[Task to carry out] From the listing below, copy only the lines from the line that contains "Stock Image - Couple" to the line that contains "Photo of Fresh", counting those two lines as part of the copy.

[Provided records]
- - - - - - -
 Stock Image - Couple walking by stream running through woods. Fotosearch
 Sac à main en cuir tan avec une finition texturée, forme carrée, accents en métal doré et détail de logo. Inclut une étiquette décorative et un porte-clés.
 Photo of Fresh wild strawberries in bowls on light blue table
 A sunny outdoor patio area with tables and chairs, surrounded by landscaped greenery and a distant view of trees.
- - - - - - -
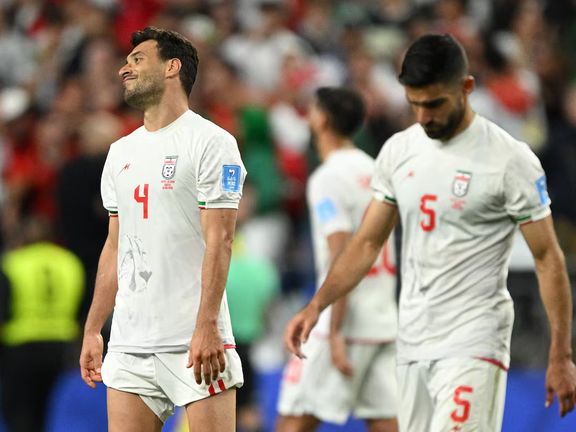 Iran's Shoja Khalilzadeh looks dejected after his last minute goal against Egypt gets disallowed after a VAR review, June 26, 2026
- - - - - - -
[Output for this task]
 Stock Image - Couple walking by stream running through woods. Fotosearch
 Sac à main en cuir tan avec une finition texturée, forme carrée, accents en métal doré et détail de logo. Inclut une étiquette décorative et un porte-clés.
 Photo of Fresh wild strawberries in bowls on light blue table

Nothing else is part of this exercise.